Frederick Warren Allen’s first commission for work! A bronze plaque to be placed in Capron Park in his hometown of Attleboro, Massachusetts.
Won in a competition with the prestigious silver companies Gorham Co. and Reed and Barton Co. while he was still a student, the news of his victory was very exciting to the young man. Committee members of the Daughters of the American Revolution had come to him to ask for prices on a memorial to the soldiers in September of 1911. By December the commission had been awarded and the boulder chosen on which the bronze tablet would be mounted. Allen worked on it in April and May and had it cast in June.
The scene shows the brave Minutemen in action, the not-too-distant cannons aimed at them, smoking. With flags flying and rifles fitted with bayonets in hand, they charge into battle to win freedom for the new colonies from British rule. Entering the rectangular frame from the lower right corner, the action moves diagonally toward the British in the upper left. The coat and gun of the closest soldier extend out over the frame, making it seem that the viewer is entering the into the battle scene just behind the men. The frame is topped with a curved header at the high point of which perches a spread eagle, the great American symbol, with claws gripping the frame.

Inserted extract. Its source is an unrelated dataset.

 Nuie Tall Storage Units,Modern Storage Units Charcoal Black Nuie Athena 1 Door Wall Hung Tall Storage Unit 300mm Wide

The text reads, “To perpetuate the memory of all who with unfailing loyalty furthered the cause of American Independence. Placed by Attleboro Chapter Daughters of the American Revolution” Signed F.W.Allen SC, MCMXII
The memorial is fixed to a large boulder placed along the path just behind the left gate of the Capron Park entry arch. In season, bright red and white flowers are kept in bloom before it and a small flag completes the patriotic theme.